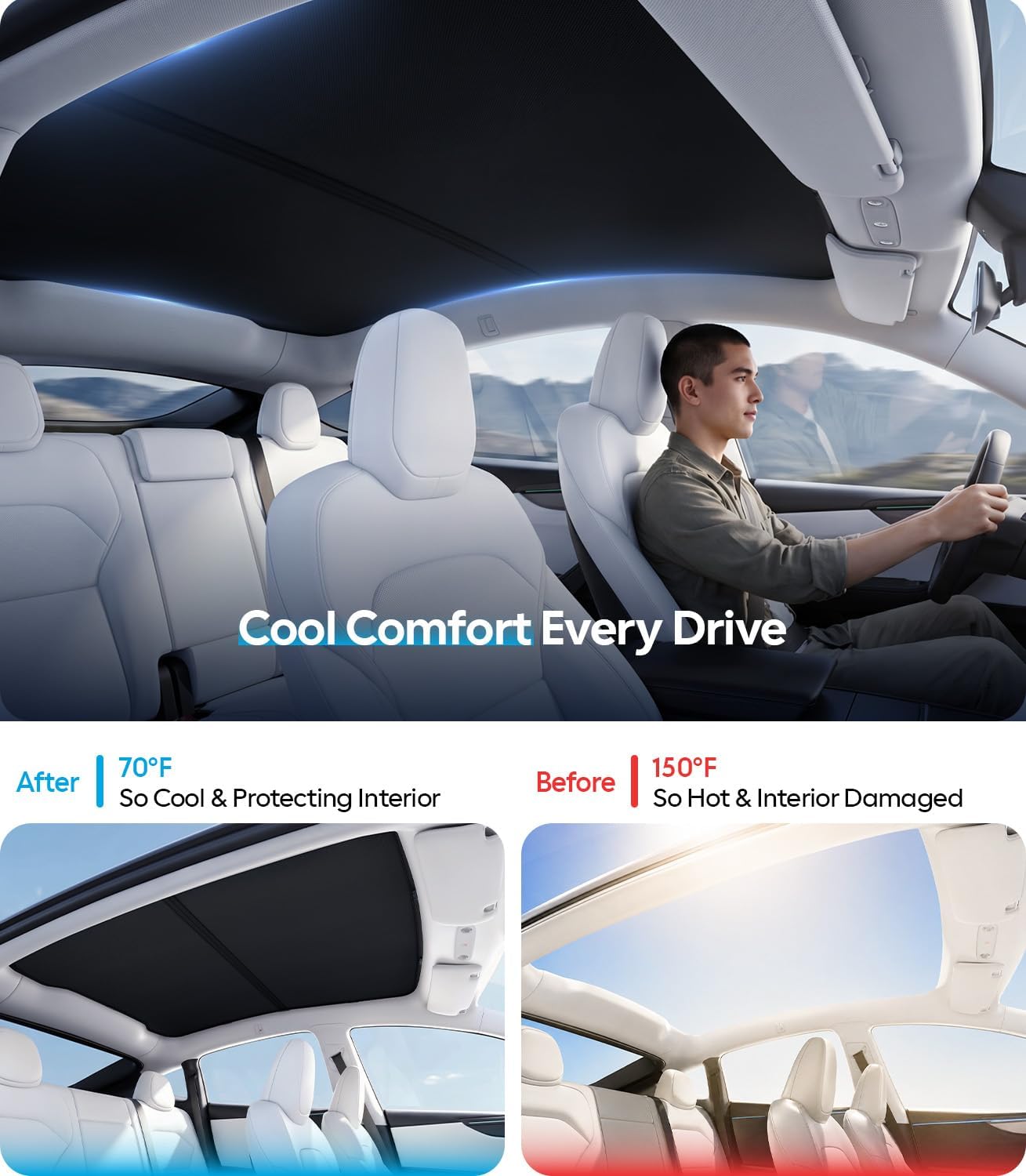 Detalle 2 de Wigoo Tesla Model Y Juniper Sunshade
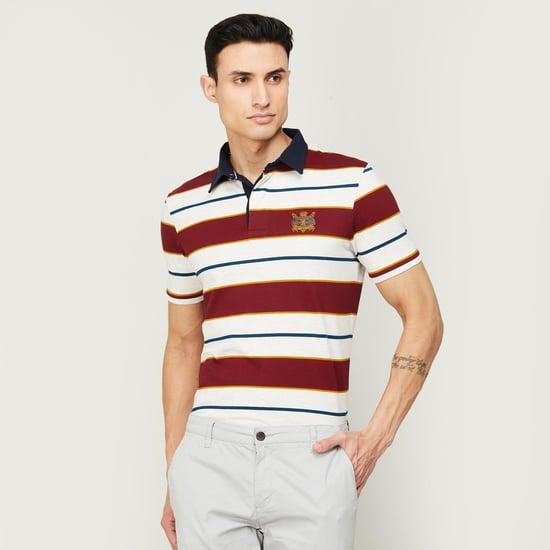 fahrenheit men striped half sleeves regular fit polo t-shirt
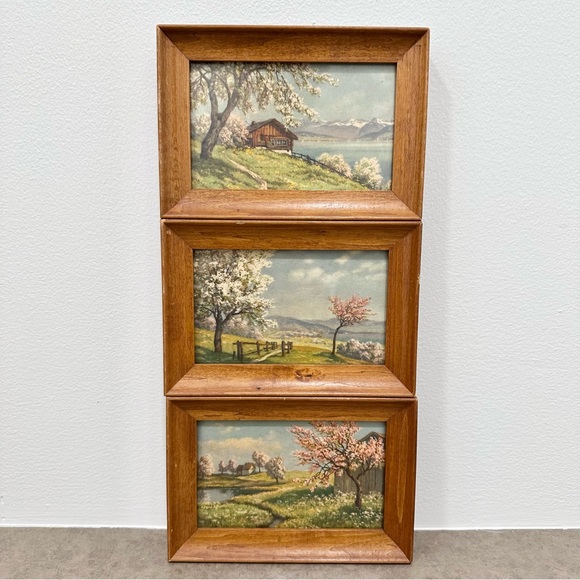 Set 3 Vintage Framed Landscape Prints Hand Painted Pictures Wall Decor MCM - Picture 5 of 16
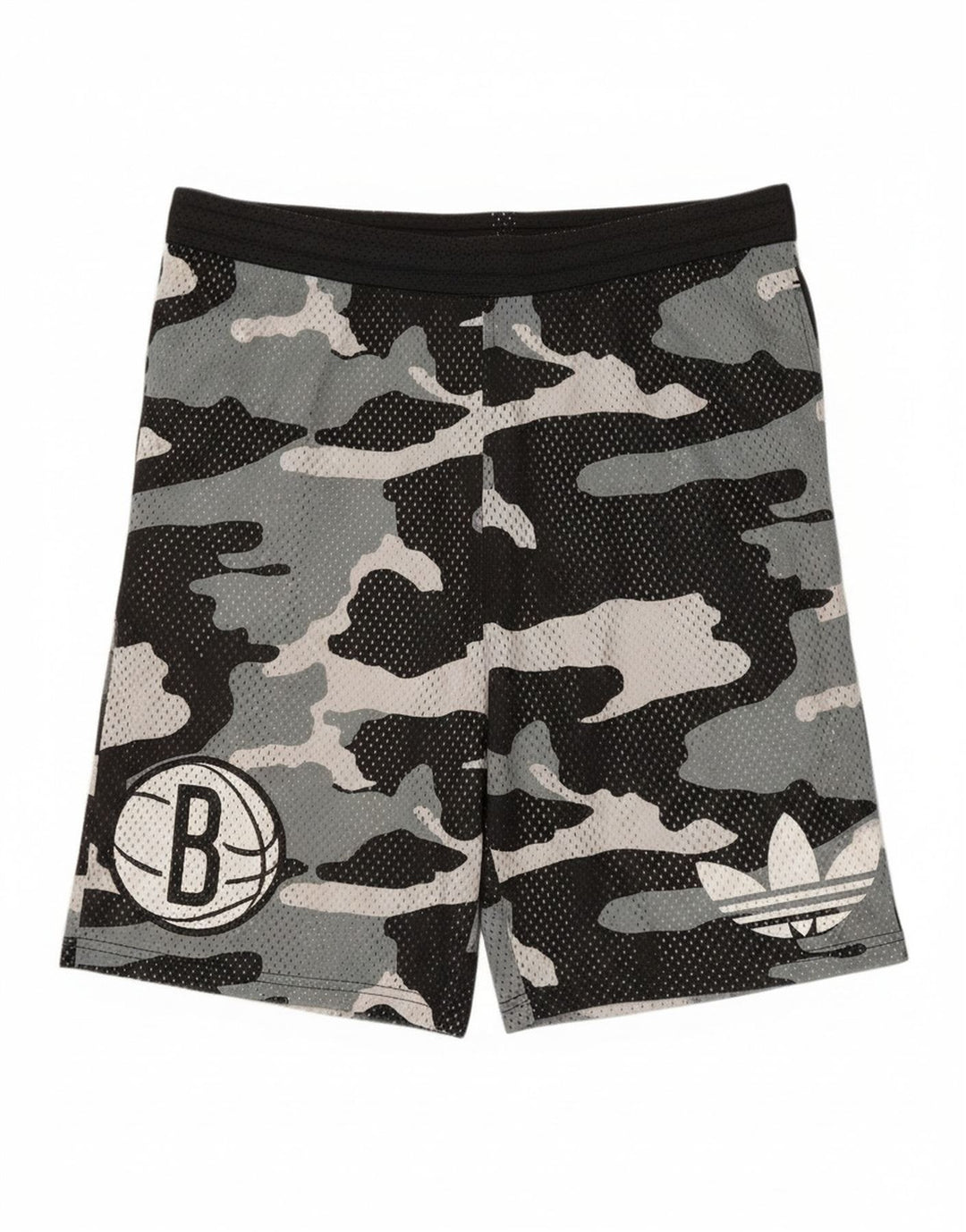Męskie spodenki sportowe Adidas z grafiką, średni czarny kamuflaż, poliester
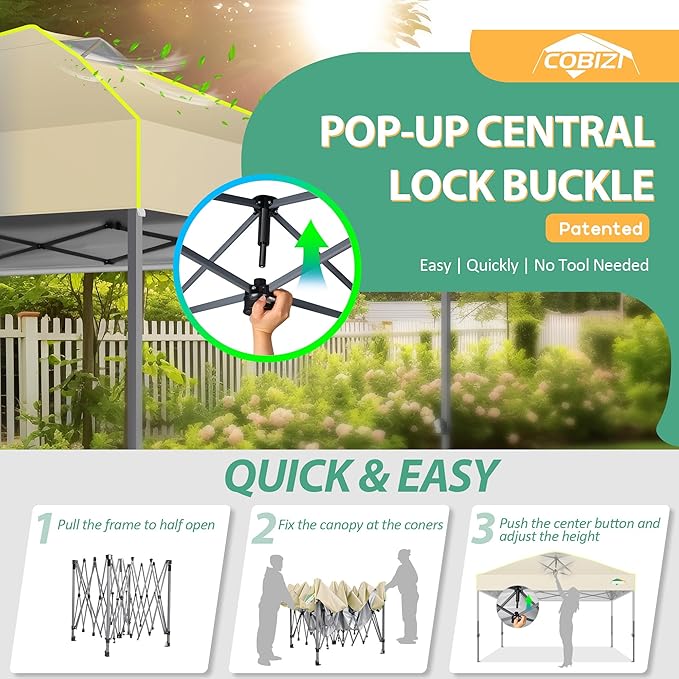 COBIZI Canopy 10x10 Pop Up Canopy Tent 1-Button Push Easy up Outdoor Canopy Instant Portable Commercial Shelter Waterproof UPF50+ Gazebo with Reflective Strip, Air Vent & 4 Sandbags,Khaki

= = = =

- _WHAT IS BEING ASKED_
Treat the line with "fahrenheit men striped" as the start and the line with "Męskie spodenki sportowe" as the end, and return exactly that span of the data above, both ends included, without pictures.

- _ANSWER AREA_
 fahrenheit men striped half sleeves regular fit polo t-shirt
 Set 3 Vintage Framed Landscape Prints Hand Painted Pictures Wall Decor MCM - Picture 5 of 16
Męskie spodenki sportowe Adidas z grafiką, średni czarny kamuflaż, poliester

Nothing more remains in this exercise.